Building Bridges Between Cultures

Tsering Gellek, F00, honored for efforts to preserve Tibetan Buddhist culture and foster East-West dialogue

Tsering Gellek with monastics at SINI in India

As the American-born daughter of a French-Egyptian poet and a Tibetan Buddhist spiritual leader, Tsering Gellek, F00, grew up bridging cultures—and she hasn’t stopped. In fact, building connections between East and West is central to her latest venture, directing an international Buddhist institute in India.

“I’m an apple that didn’t fall too far from my own tree, my own roots,” she said, explaining that her efforts follow those of her father, Tarthang Tulku, who has founded several organizations dedicated to publishing Tibetan Buddhist teachings and sharing them widely.

For her work directing the Sarnath International Nyingma Institute (SINI), as well as her commitment to Buddhist cultural preservation throughout Asia, she is being honored at the Fletcher School on Monday, September 18. Gellek, who is a visiting fellow at the Feinstein International Center at Tufts, will receive the Henry J. Leir Human Security Award at an event in ASEAN Auditorium starting at 6 p.m.

SINI first opened its doors in 2013, in the city of Sarnath, India, where the Buddha is said to have first shared his teachings. About 20 Tibetan Buddhist monastics currently take part in a comprehensive three-year program at the institute, in which they continue their monastic practices while studying English. They also explore topics such as climate change and business ethics in seminars with visiting students and scholars from very different walks of life.

“They’re not just learning the ABCs,” said Gellek, who splits her time between India and her home base in California. “They’re learning about human rights, democracy, environmental issues.”

The monastics serve as advanced teachers in the Tibetan Buddhist tradition—Gellek said they have “the equivalent of a Ph.D.”—but many have had limited exposure to other fields of study. The institute helps them learn to share their traditions in English and consider, in conversations with lay people, how those ancient teachings may be relevant to modern-day problems.

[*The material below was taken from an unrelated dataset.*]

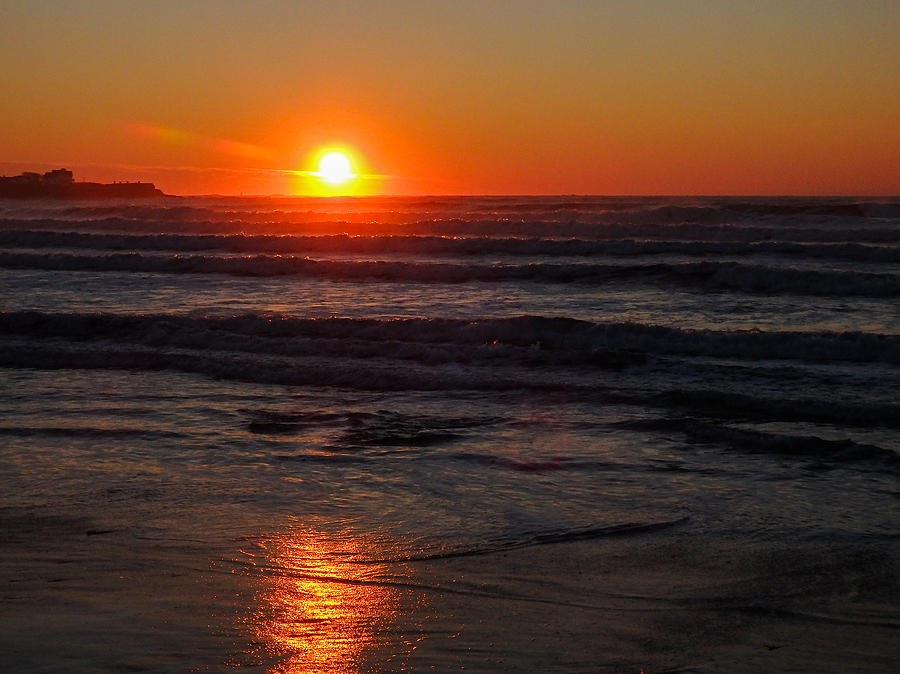 Easton Beach Sunrise Photograph by Nancy De Flon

It also offers language programs in Sanskrit, Pali, and Tibetan, three classical Buddhist languages, to strengthen the study and practice of Buddhism. SINI is funded by private donations and provides scholarships to monastics selected to participate.

Before directing SINI, Gellek organized the restoration of the Swayambhu stupa, located near Kathmandu, Nepal. The renovation of the religious structure, which is believed to be about 1,500 years old, involved 70 artists and more than 40 pounds of gold were used to gild the dome. The project was completed in 2010, after two years of work.

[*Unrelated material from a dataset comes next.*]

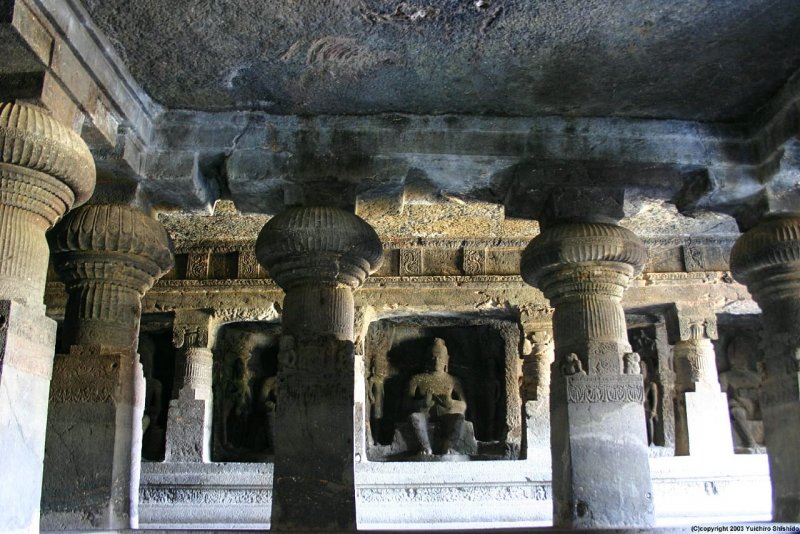 Индия пещерные храмы Эллоры внутри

Beyond the practical need for historic preservation, the effort had symbolic value. “According to the Buddhist perspective, stupas are repositories of blessings and virtues,” Gellek explained. “When you work on one, you revitalize that aspect for the community and the world.” Since 2001, Gellek has also overseen the installation of large peace bells at significant Buddhist holy sites throughout India and Nepal.

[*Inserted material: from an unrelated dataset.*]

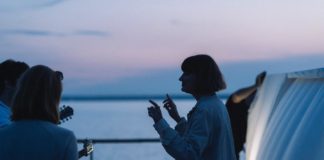 Lábas Viki szembe megy a rohanó világgal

While her current efforts focus on the Tibetan Buddhist community in exile, when Gellek graduated from Fletcher she worked with refugees in Africa. Getting to know others who had been forced to leave their native countries helped her understand her own family’s experience, she said.

In exile from his homeland of Tibet, her father is a leader in Tibetan Buddhism’s Nyingma tradition, which includes teachers who are not celibate monastics. In his 10 years in India and close to 50 years in the United States, he has focused on preserving and sharing Buddhist traditions and helping Tibetans in exile. Gellek is the youngest of his three daughters, each of whom carries on his work in her own way.

At SINI, Gellek aims to forge connections and inspire creative thinking about how Buddhist teaching can help address today’s pressing problems. “We are building bridges not just between cultures and people, but between different periods of time,” she said. “We’re considering the traditional as it applies to the modern day, on a practical level.”

The event honoring Gellek will also celebrate the renaming of the Fletcher School’s Institute for Human Security as the Henry J. Leir Institute for Human Security. The evening will feature a conversation between professors Karen Jacobsen and Dan Maxwell. Jacobsen is the Henry J. Leir Professor of Global Migration at the Fletcher School and the Friedman School. Maxwell is the Henry J. Leir Professor in Food Security at the Friedman School. The event will be followed by a reception in the Hall of Flags.